Given data:
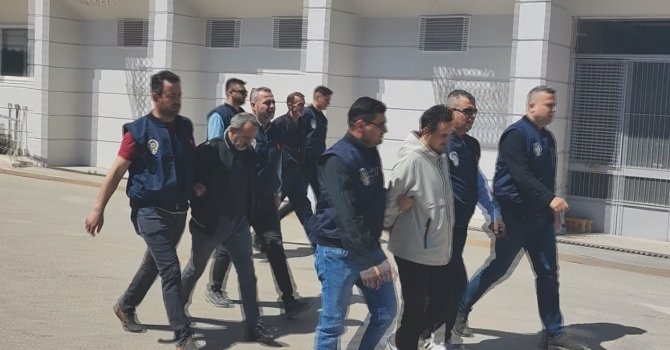 Sahte site üzerinden Togg satın almak isteyen 21 kişiyi dolandıran 3 şüpheli tutuklandı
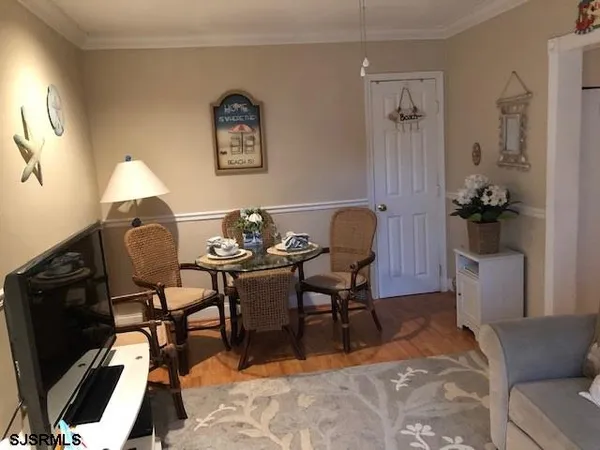$1,400 | 101 South Coolidge Avenue, Unit 2, Margate City, NJ 08402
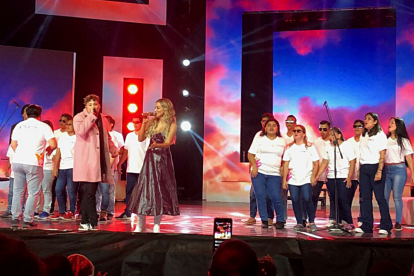 Fanny Lu y Teo durante su intervención en la Teletón.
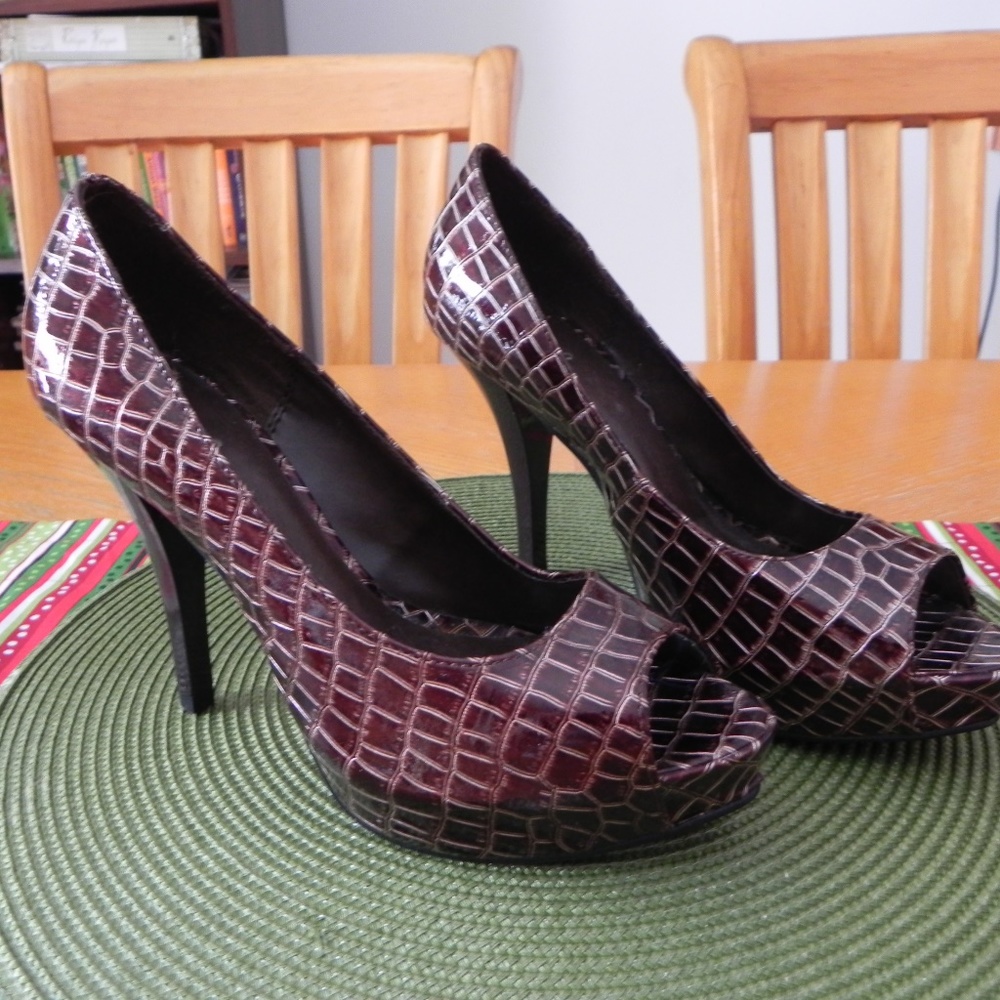 Qupid Burgundy heels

Problem to work on: The listing above must be retyped word for word, without the pictures.

Exercise result:
 Sahte site üzerinden Togg satın almak isteyen 21 kişiyi dolandıran 3 şüpheli tutuklandı
$1,400 | 101 South Coolidge Avenue, Unit 2, Margate City, NJ 08402
 Fanny Lu y Teo durante su intervención en la Teletón.
 Qupid Burgundy heels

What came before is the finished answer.